* **Material to process**:

........

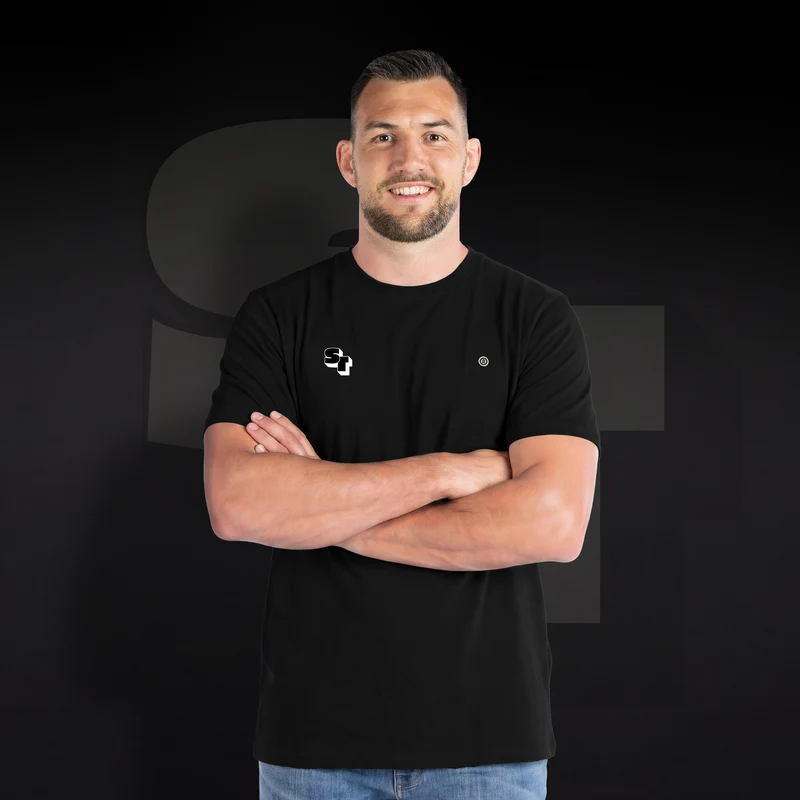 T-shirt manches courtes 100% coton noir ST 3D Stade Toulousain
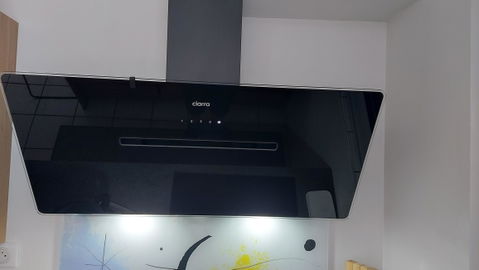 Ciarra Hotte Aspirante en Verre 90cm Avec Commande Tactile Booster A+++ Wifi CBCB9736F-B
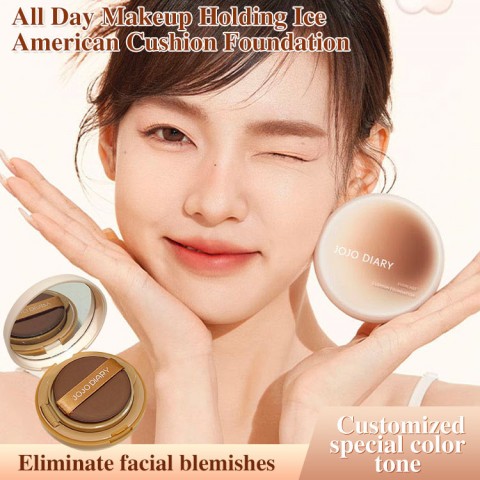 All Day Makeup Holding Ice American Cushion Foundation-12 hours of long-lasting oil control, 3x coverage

........

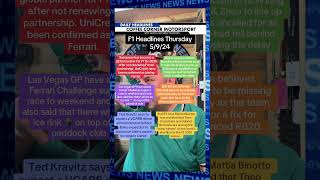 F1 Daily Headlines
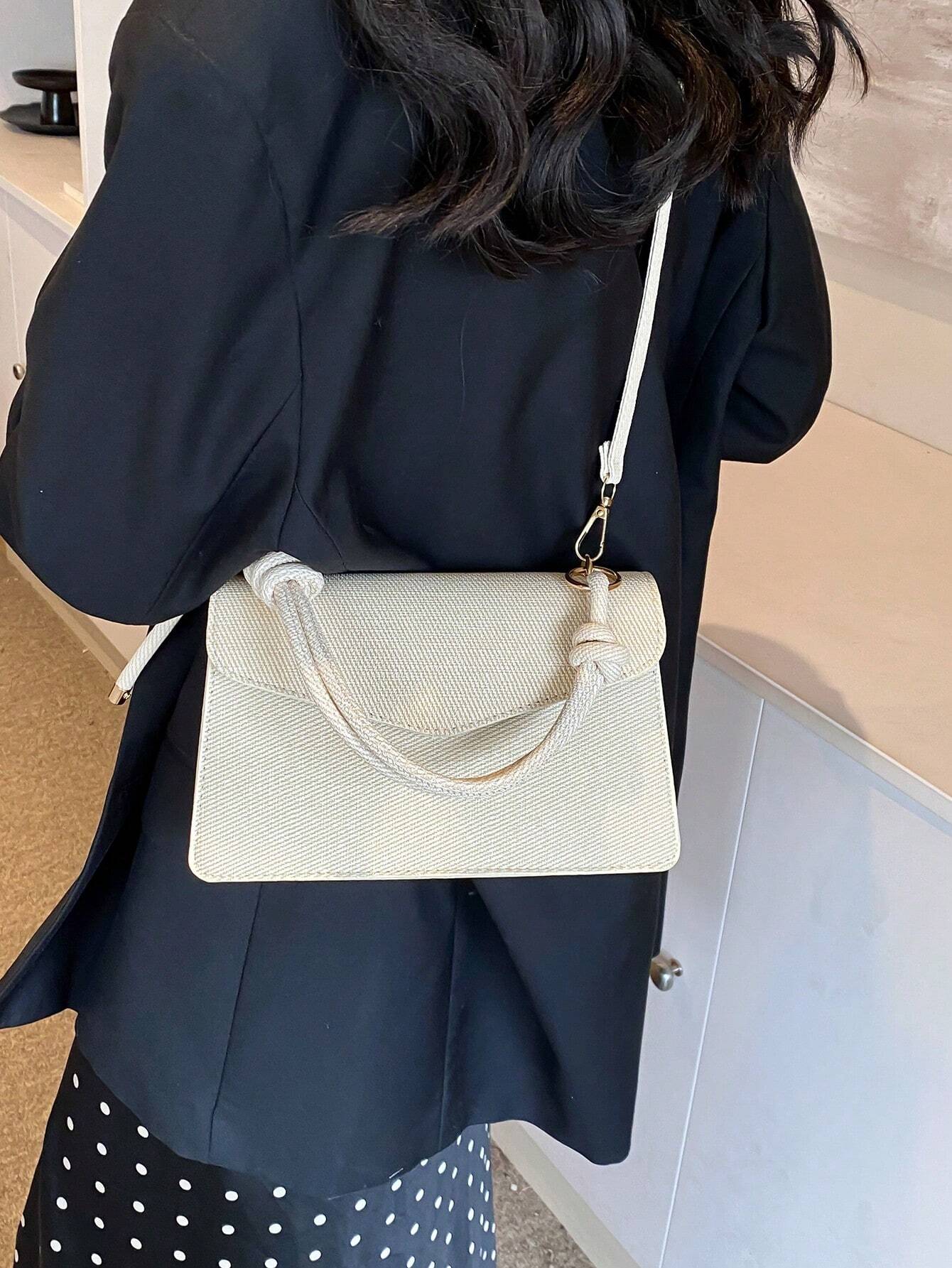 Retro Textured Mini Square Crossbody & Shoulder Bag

........

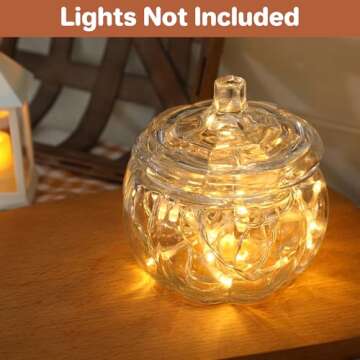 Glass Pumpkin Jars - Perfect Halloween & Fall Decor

........

* **Exercise goal**:
From the records above, copy only the lines running from the line holding "F1 Daily Headlines" through the line holding "Retro Textured Mini", with no pictures.

* **Task result**:
 F1 Daily Headlines
 Retro Textured Mini Square Crossbody & Shoulder Bag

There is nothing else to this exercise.